◆ DATA TO EXAMINE ◆
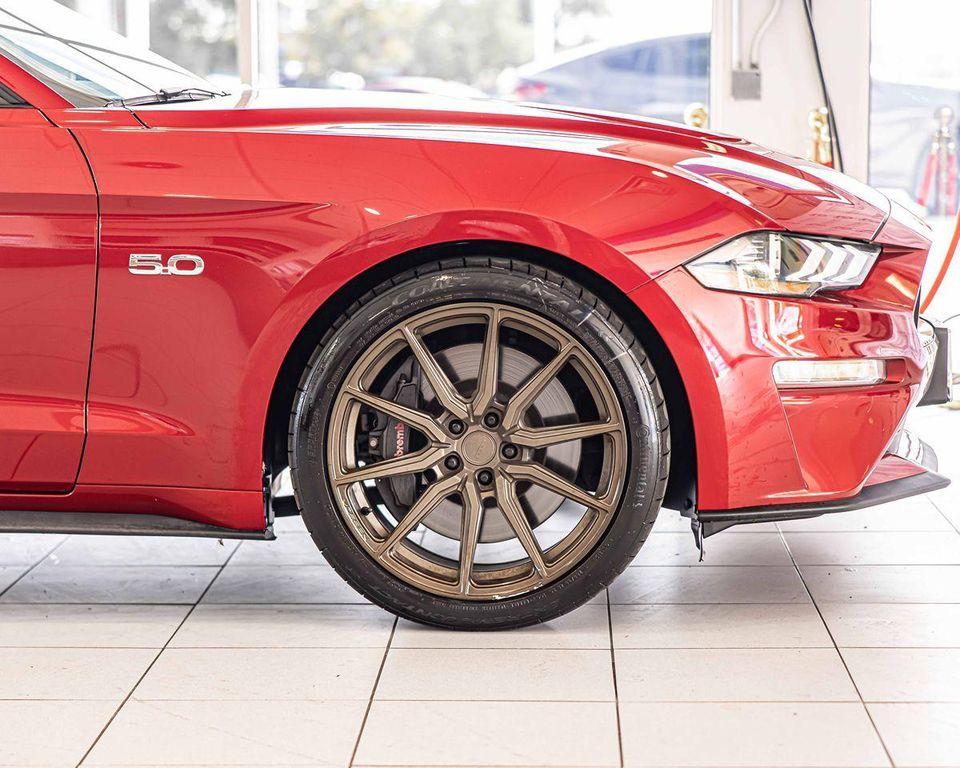 used 2020 Ford Mustang car, priced at $38,380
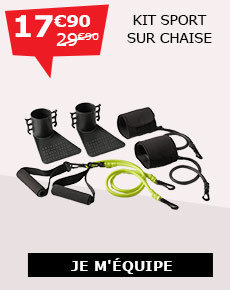Kit sport sur chaise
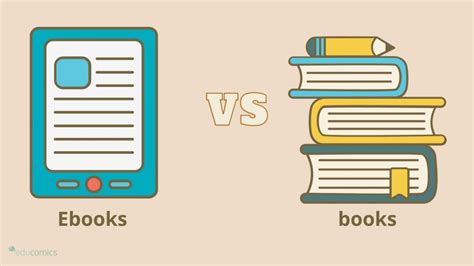 The Pros And Cons Of E Books And Physical Books Educomics Org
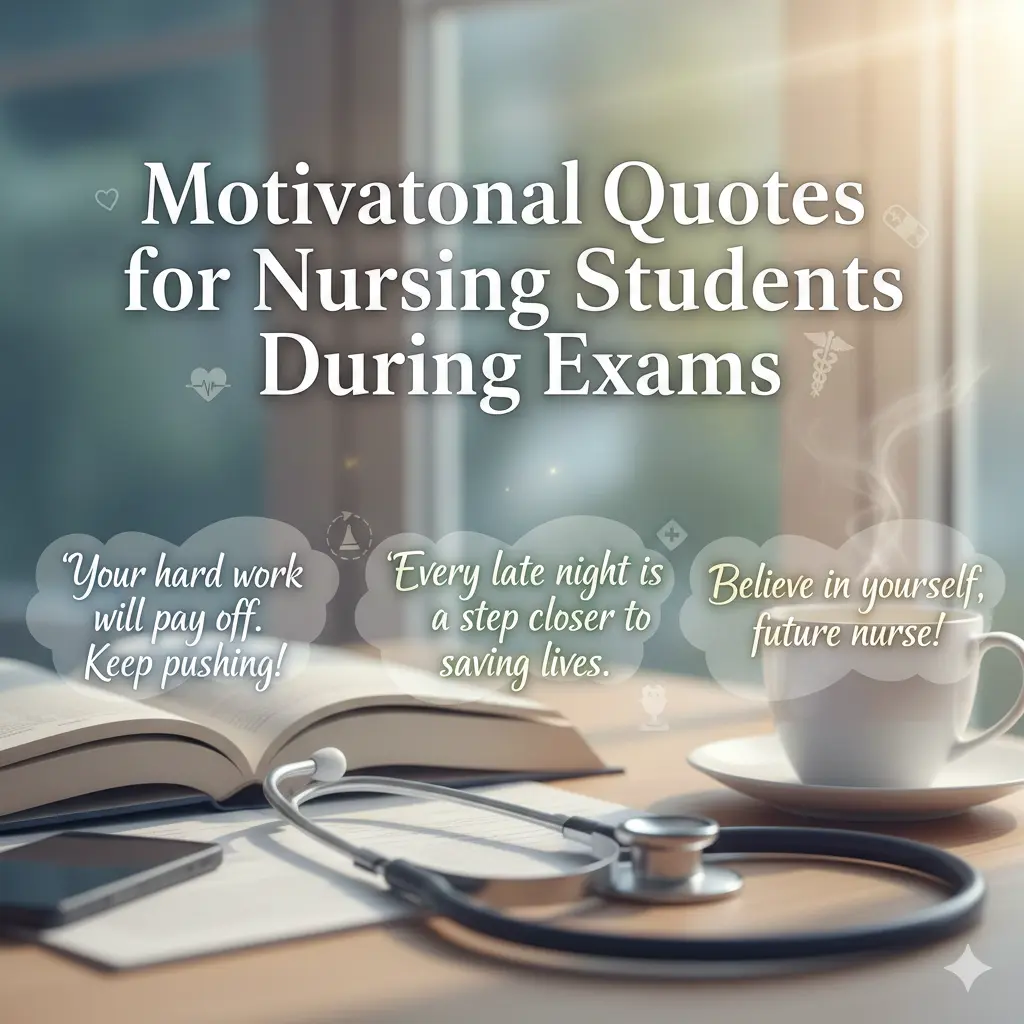  Motivational Quotes for Nursing Students During Exams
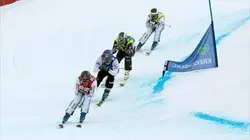 Ski Cross dames et messieurs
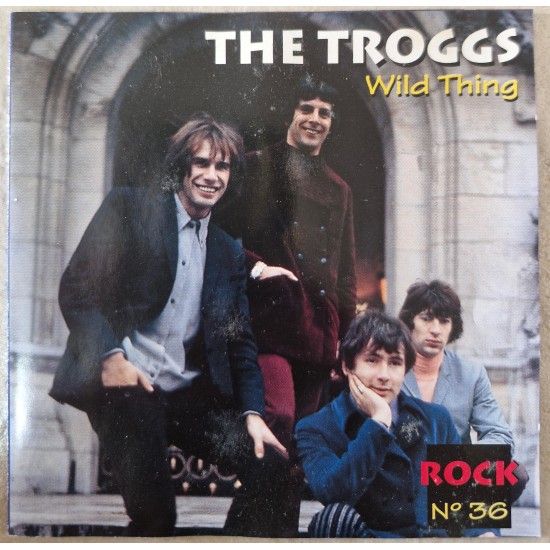Cd The Troggs, Wild Thing Cd The Troggs, Wild Thing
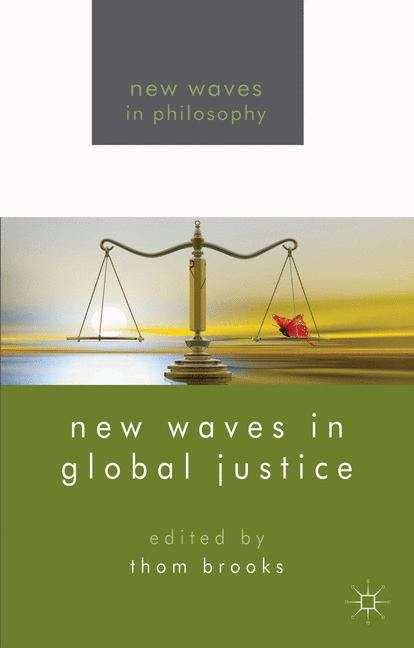 Book cover of New Waves in Global Justice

◆ EXERCISE DETAILS ◆
Output all of the data above exactly; no pictures should appear.

◆ TASK OUTPUT ◆
 used 2020 Ford Mustang car, priced at $38,380
Kit sport sur chaise
 The Pros And Cons Of E Books And Physical Books Educomics Org
  Motivational Quotes for Nursing Students During Exams
 Ski Cross dames et messieurs
Cd The Troggs, Wild Thing Cd The Troggs, Wild Thing
 Book cover of New Waves in Global Justice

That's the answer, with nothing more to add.